Vor ca. drei Jahren hatte ich am Ende eines Seminares das Glück, mich kurz mit der anwesenden Gebärdendolmetscherin zu unterhalten. Sie zeigte mir auf meinen Wunsch hin das „Herzlich Willkommen“ (welches die zwei wichtigsten Wörter an der Rezeption sind, oder zumindest sein sollten ;-)) in Gebärdensprache. Doch seitdem kam ich im Arbeitsalltag der Hotellerie nie in die Situation, diesen Ausdruck einmal anwenden zu können. Warum eigentlich?
In Deutschland leben laut Statistisches Bundesamt 7,8 Millionen Menschen (zum Ende des Jahres 2022) mit einer schweren Behinderung (Grad der Behinderung von mindestens 50 %). Das sind fast 10 % der Gesamtbevölkerung! Ehrlich gesagt, hätte ich nicht gedacht, dass dieser Anteil so groß ist.
Nun gibt es viele verschiedene Arten einer Behinderung, und etliche davon sieht man den meisten Menschen auch erstmal gar nicht an. Im Hotel hat man ab und an mal einen Schwergeschädigtenausweis in der Hand (z.B. für eine Ermäßigung der Kurtaxe), aber ich kann nicht behaupten, dass es jeder 10. Gast wäre. Worauf ich hinaus will – (nicht nur) die Hotellerie & Gastronomie sind noch immer nicht barrierefrei genug für Menschen mit Behinderung und daher ist diese Gästegruppe unterrepräsentiert.
Natürlich ist es in vielen älteren Gebäuden schwierig bis unmöglich, auf Barrierefreiheit umzurüsten (was übrigens nicht nur mit Stufen, Treppen etc. zu tun hat). Und selbst wenn man es als Besitzer bzw. Betreiber doch schafft – wie kommuniziere ich diese Barrierefreiheit richtig an die Gäste? Und für wen genau ist man barrierefrei? Für Sehbehinderte? Für Gehbehinderte? Oder sogar für Rollifahrer? Oder auch für Gehörlose?
Um ein wenig Licht ins Dunkle zu bringen und auch um die Behindertenrechtskonvention der Vereinten Nationen umzusetzen, wurde das Projekt „Einführung des Kennzeichnungssystems ‚Reisen für alle‘ im Sinne eines Tourismus für Alle in Deutschland“ initiiert. Förderer ist dabei das Bundesministerium für Wirtschaft und Energie.
Worum geht es in diesem Projekt?
‚Reisen für alle‚ ist ein bundeseinheitliches Kennzeichnungssystem, welches es ermöglicht, Menschen mit unterschiedlichsten Behinderungen schnell, übersichtlich und verlässlich beispielsweise ein Hotel oder andere touristische Einrichtung zu finden, die speziell auf seine/ihre Bedürfnisse ausgelegt sind.
Dafür gibt es ein Siegel in Deutschlandfarben, welches anzeigt, ob „Informationen zur Barrierefreiheit“ vorliegen oder ob der Betrieb sogar auf „Barrierefreiheit geprüft“ ist.

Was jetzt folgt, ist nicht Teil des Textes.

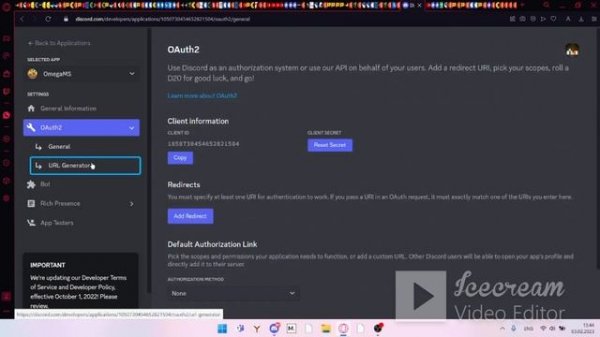 КАК ПОЛУЧИТЬ АКТИВНОГО РАЗРАБОТЧИКА В ДИСКОРДЕ!|DISCORD ACTIVE DELOVER!
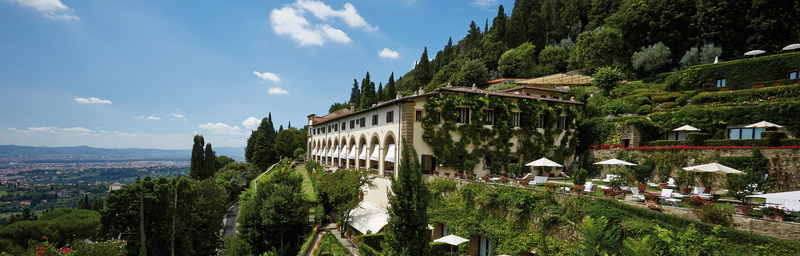 Hotel Villa San Michele, A Belmond Hotel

Letzteres unterteilt sich in zwei Qualitätsstufen: „teilweise barrierefrei“ und „barrierefrei“. Damit man weiß, für welche Personengruppen die Zertifizierung dient, gibt es sieben verschiedene Piktogramme, wie z.B. für Menschen mit Hörbehinderung oder für blinde Menschen.
Denn für jede dieser sieben Personengruppen bestehen natürlich unterschiedliche Anforderungen an den Betrieb. So muss für die geprüfte Barrierefreiheit bei Menschen mit Hörbehinderung beispielsweise im Fahrstuhl eine optische Bestätigung erfolgen, sobald der Gast den Notknopf betätigt hat (damit derjenige auch weiß, dass der Alarmknopf funktioniert). Oder für blinde Menschen muss im Fahrstuhl (bei mehr als zwei Etagen) die jeweilige Etage akustisch angesagt werden, um als barrierefrei geprüft zu gelten.
Der ein der andere Unternehmer mag sich jetzt denken, dass das nach einer Menge Aufwand klingt. Man muss sich ja auch nicht gleich für alle sieben Gruppen vollumfänglich prüfen lassen – ein Anfang wäre schon nicht schlecht. Denn man bedenke: jeder von uns wird älter (25 % der Menschen mit Schwerbehinderung sind Ü 65 Jahre) und möchte auch dann noch am Leben aktiv teilhaben, wie z.B. durch Reisen. Und auch schon vorm Renteneintritt kann man einer Behinderung erleiden. Selbst wenn nicht – die 10 % der Bevölkerung, die Behinderung haben, möchten genauso gern Barrieren überwinden, von denen es im Leben schon viel zu viele gibt.